III Destarte, revoga-se a decisão plasmada no Acórdão sob censura e consequentemente a decisão de primeiro grau, declarando-se improcedente o pedido de cessação antecipada da exoneração do passivo restante.».

As razões que sustentaram a decisão supra extractada não se mostram toldadas pela reclamação agora encetada pela Recorrida, pelo que desde já afirmamos ser a mesma de manter.

Adianta-se, contudo.

Assistia à Relatora toda a legitimidade para nos termos do normativo inserto no artigo 656º do CPCivil, produzir, como produziu a decisão singular agora posta em crise, por um lado porque a própria Lei lhe permite tal procedimento se assim o entender possível, nomeadamente se o recurso for manifestamente infundado, o que foi e é o caso dos autos, para além de, nos Acórdãos em oposição carreados para os autos serem bem expressivos quanto à necessidade de alegação e prova do incumprimento doloso por banda do devedor por forma a causar prejuízos ao(s) credor(es).
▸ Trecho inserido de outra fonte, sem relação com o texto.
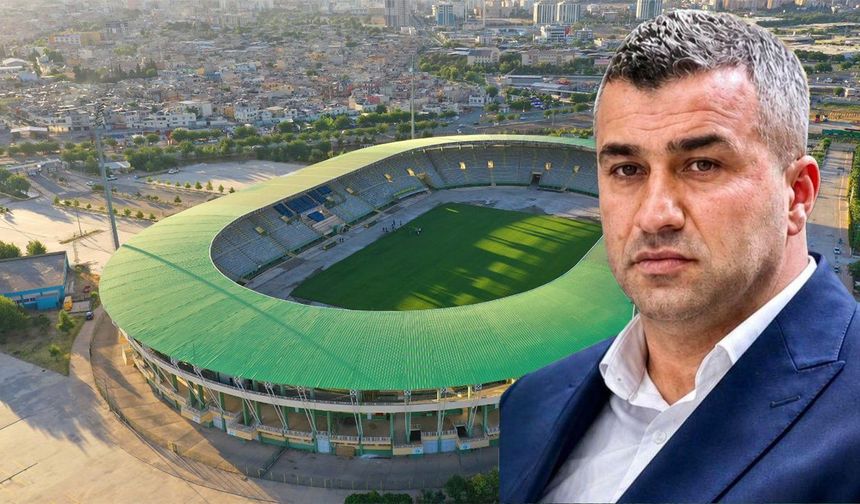 Şanlıurfaspor Başkanı Hasan Avcı’dan İstanbul’daki Şanlıurfalılara Çağrı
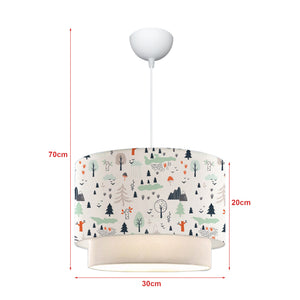Suspension Lurgan pour enfant [lux.pro]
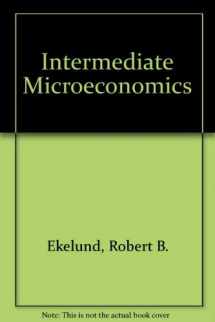 9780669289152-0669289159-Workbook for Ekelund, Jr./Ault's Intermediate Microeconomics: Price Theory & Applications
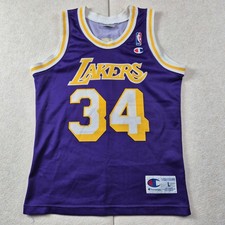 Champion LA Lakers Shaquille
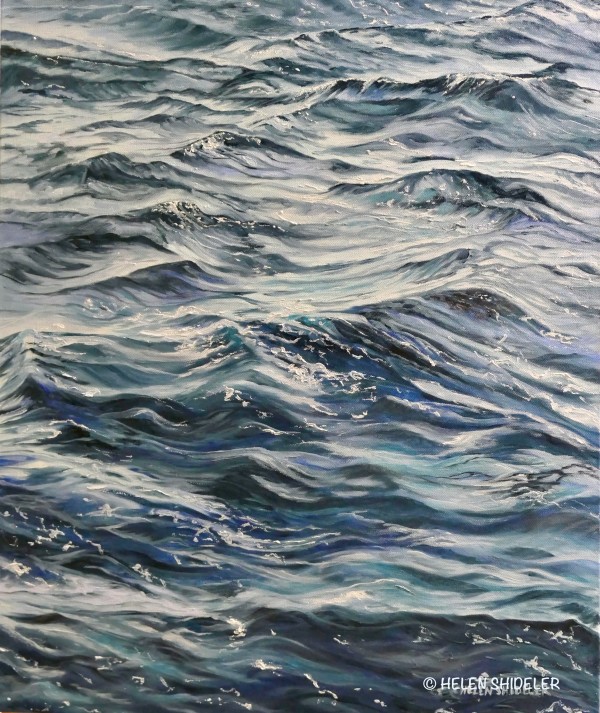 Making Waves by Helen Shideler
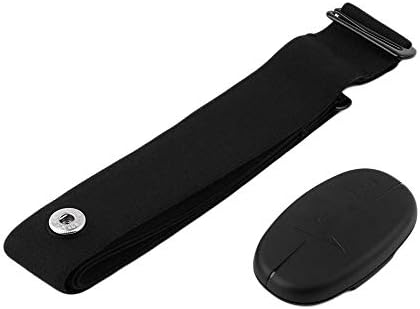 Heart Rate Monitor Smart Cardio Bluetooth 4.0 and ANT+ Wireless Heart Rate Monitor with Soft Chest Strap for iPhone and Android Wireless Sport Heart Rate Sensor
Daqui decorre, que, por um lado, inexistiu qualquer afronta ao dispositivo legal inserto no artigo 656º do CPCivil, como defende a Reclamante e por outro lado, não se efectuou qualquer má interpretação da regras de direito, máxime, no que tange aos requisitos mencionados no artigo 239º do CIRE,  cfr Maria do Rosário Epifânio, Manual de Direito Da Insolvência, 7ª edição, 390/391.

Situação diversa será a não conformação da Reclamante com a decisão proferida, o que é por demais legítimo, embora no nosso entendimento lhe faleça de todo em todo a razão, soçobrando assim a tese por si esgrimida.
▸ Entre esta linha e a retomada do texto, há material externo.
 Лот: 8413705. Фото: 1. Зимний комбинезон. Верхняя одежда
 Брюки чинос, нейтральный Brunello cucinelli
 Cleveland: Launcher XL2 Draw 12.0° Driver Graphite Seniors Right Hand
III Destarte, indefere-se a reclamação, mantendo-se a decisão singular, declarando-se improcedente o pedido de cessação antecipada de exoneração do passivo restante.
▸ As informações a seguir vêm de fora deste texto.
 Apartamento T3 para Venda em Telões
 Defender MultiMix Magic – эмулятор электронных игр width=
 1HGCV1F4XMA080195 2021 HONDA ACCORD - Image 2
Custas pela Reclamante, com taxa de justiça em 3 Ucs

                                                                             *

Desentranhem-se e entreguem-se à Reclamante os documentos juntos com Reclamação, por inoportunos, tendo em atenção o disposto no nº1 do artigo 651º do CPCivil.

Custas do incidente porque anómalo pela Reclamante, com taxa de justiça em 2 Ucs.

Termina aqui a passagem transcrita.